I also agree, except I've had one cordless RotoZip that I absolutely love.
I find the biggest downfall with the Rotozips are the extensions.
They always get loose and then you have to hold the extension at a certain angle when you try and router so that you have power. It always cuts in and out. So I would also suggest Dewalt.
But RotoZip's are cheaper too. So you get what you paid for.
Sometimes they come on sale at HomeDepot for like 2 for $100.
Then I buy like 8 of them and store them. haha.


----------



## betterdrywall (May 4, 2010)

Workaholic said:


> So you do not provide your employees with basic safety equipment like dust masks? I can see if they refuse to wear them and truthfully I would make them sign a form saying they refused to wear them but imo they should be provided stuff like that. I would not expect a employee to own his own respirator for spray work, employee being the key word not sub.


 I do keep dust mask on hand ,, I don't provide gloves anymore.


----------



## chris (Apr 13, 2011)

P.A. ROCKER said:


> It doesn't say anything about cleaning dust on the mud bucket:blink:, but the paint can does. I don't paint:thumbup:.


 Yes it does ( mud buckets and boxes)


----------



## Workaholic (Dec 13, 2010)

betterdrywall said:


> I do keep dust mask on hand ,, I don't provide gloves anymore.


Gotcha. 

What are they using the gloves for?


----------



## PrecisionTaping (Feb 2, 2012)

Workaholic said:


> Gotcha.
> 
> What are they using the gloves for?


That's what I was going to ask. Gloves for what? :blink:
Keep your hands moisturised? :laughing:


----------



## P.A. ROCKER (Jul 15, 2011)

chris said:


> Yes it does ( mud buckets and boxes)


Maybe you should switch to Rapid Coat. It says nothing about dusting at all. But it does say you should wet sand to keep from scuffing gypsum panels.


----------



## James Stafford (Jun 3, 2012)

primer should be sanded before finish paint, thus removing any defects the dust may have left. leave it, except the really heavy spots, which can be knocked off with the pole sander as you are going. (light swipe)


----------



## James Stafford (Jun 3, 2012)

PrecisionTaping said:


> Pffft!! Ya right!

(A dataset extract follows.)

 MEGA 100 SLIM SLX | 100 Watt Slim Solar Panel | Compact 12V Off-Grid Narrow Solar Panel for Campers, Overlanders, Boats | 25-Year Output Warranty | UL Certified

I'm not a Molly Maid.
> When I finish sanding, I pack up my tools and leave.
> I don't scrape floors, I don't dust walls, I don't vacuum and I don't sweep.
> The only time I ever do that is if it's a private job in a section of someone's already finished home in which they are currently living in.
> ...


really? so you dont mind working through everyone elses mess prior to yours because they had a ****ty attitude about it too? clean your own mess, or don't make one, you spoiled brat. no wonder tapers get a bad rap


----------



## moore (Dec 2, 2010)

SNAP!


----------



## mudslingr (Jul 18, 2010)

James Stafford said:


> really? so you dont mind working through everyone elses mess prior to yours because they had a ****ty attitude about it too? clean your own mess, or don't make one, you spoiled brat. no wonder tapers get a bad rap


Wow, taking a shot at PT after only 5 posts ! Welcome to the site !

Most of us up here have cleaning crews that do that for us when working for a g/c or d/c. And they get paid well ! 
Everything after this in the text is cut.